See test/examples.cpp for further usage examples. The high-level pitch is this: you can use it as an STL container, except it wraps like a ring buffer. You get iterators, front(), back(), push_back(), pop_front(), emplace_back(), range-for, all* the things you expect from a standard library container.

Building

The project is header-only, so you only have to copy include/baudvine/ringbuf.h into your project. You should also be able to include it as a CMake subproject, but that's untested.

To build and run the tests, install CMake, then run:

mkdir build
cmake -S . -B build
cmake --build build
build/test/ringbuf-test

Or use your editor or IDE with CMake integration of choice.

The Future

TODO

What can't it do? Well:

  • Support for user-defined/provided allocators.
  • Reverse iterators.
  • Generic tests for the iterators of the different implementations.
  • Doesn't quite implement SequenceContainer.
  • The tests for Container aren't as well organized as they could be either.
  • Needs more cowbell noexcept
  • Moved-from RingBuf instances can't be reused.
  • The iterator is not std::random_access_iterator.
  • Docs.
  • Better code examples.
  • Document iterator invalidation.
  • Compare to boost::circular_buffer
  • Special case for emplace/push members when T's lifetime doesn't matter (e.g. int)
    The performance benefit turned out to be hard to measure - std::allocator_traits is probably reasonably smart about this.
  • Compiler warning cleanup
  • Compare to boost's spsc queue

NOT TODO

What won't it do?

  • Don't want to bother with optional features based on C++ version. Strictly C++11.
  • Runtime checks are limited to the occasional assert.
  • Doesn't have insert() or range constructors (RingBuf(other.begin(), other.end())), because that'd require choosing what to discard in case of overflow.

MAYBE TODO

  • It's meant to be C++11-compatible without a lot of optional chunks for newer standards, but maybe we can show that it does match the relevant C++20 iterator concepts.
  • An implementation with mutable capacity (drop the template parameter, add a ctor parameter and a set_capacity member) would be slightly slower and slightly nicer to use.
  • DequeRingBuf could possibly be a container adapter.
  • A variant of RingBuf with automatic storage duration (so no dynamic allocation) is possible. Would be nice for embedded targets.

Performance

The tests in test/test_speed.cpp perform a number of comparisons between RingBuf and DequeRingBuf. Some typical (but completely unscientific) results:

  • Hardware: Intel Core i5-7600 @ 3.5 GHz
  • GCC: 12.2, -O3 -DNDEBUG
  • Clang: 14.0, -O3 -DNDEBUG
Name Description RingBuf (GCC) (ms) RingBuf (Clang) (ms) DequeRingBuf (GCC) (ms) DequeRingBuf (Clang) (ms)
PushBackToFull push_back until the buffer is filled to capacity (225 elements) 106 108 353 322
PushBackOverFull push_back 225 times on a buffer with capacity 3 119 105 138 195
IterateOver range-for over a buffer with 225 elements 83 57 77 72

PushBackToFull is completely unfair because std::deque has to allocate memory much more frequently. In a debug build, the results are roughly proportional (~10x).

FAQ

Why does this allocate "manually" and not just wrap std::array?

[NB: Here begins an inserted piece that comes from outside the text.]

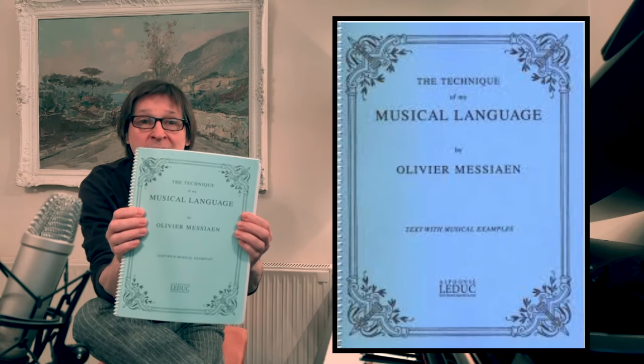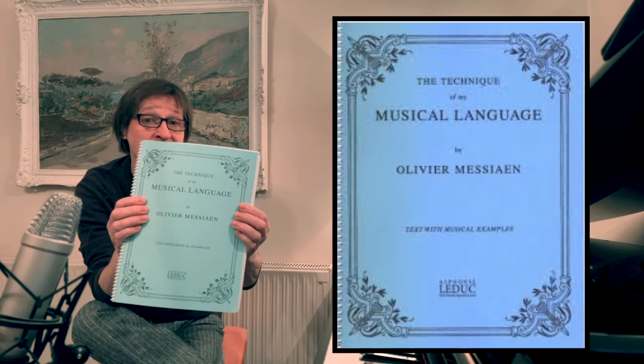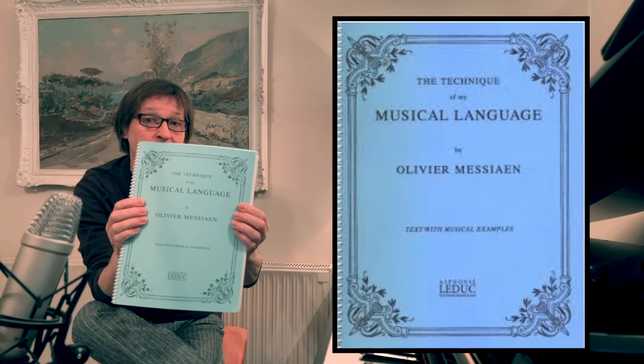At number five I've got 'The Technique of My Musical Language' by Olivier Messiaen. Although I have this book at number five, it could also be book number one, because for me this is the most inspirational book that I have or that I've ever seen.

A functional requirement of baudvine::Ringbuf is that element lifetime is controlled by the push and pop member functions: a T is constructed when it is pushed into the buffer, and it is destroyed when popped. The tests using the Instance class in tests/test_ringbuf.cpp demonstrate this.

Neither C-style arrays nor std::array allow for this: std::array<std::string, 5> default-initializes five strings (calling its default constructor), and if you destroy it in-place it'll get re-destroyed when the array goes out of scope.

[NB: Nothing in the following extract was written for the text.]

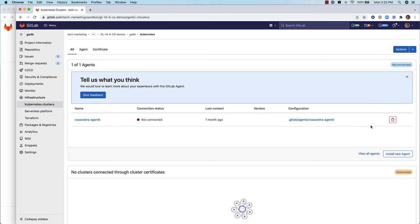There are a couple of situations where you want to delete a registered agent for Kubernetes. If you would like to disconnect your GitLab instance from a Kubernetes cluster, then deleting a registered agent will accomplish this without affecting the running cluster. When you delete the agent, GitLab revokes its tokens and the given connection stops working immediately.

See also https://barometz.github.io/ringbuf/design-notes.html#memory-allocation.

Why isn't this an adapter for existing containers?

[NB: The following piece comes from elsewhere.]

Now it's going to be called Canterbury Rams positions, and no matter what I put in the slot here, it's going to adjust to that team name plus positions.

No underlying container would provide all three of:

  • Single allocation (std::array, std::vector)
  • Push and pop on opposing ends (std::deque, std::list)
  • Control over element lifetime (std::vector, std::list, std::deque)

See also: https://barometz.github.io/ringbuf/design-notes.html#not-an-adapter.

License

I chose the MIT license for this project, because I have a bad habit of wanting to be useful and MIT's a good one for maximizing that paperclip. One exception: deque_ringbuf.h is MIT-0, which is effectively public domain.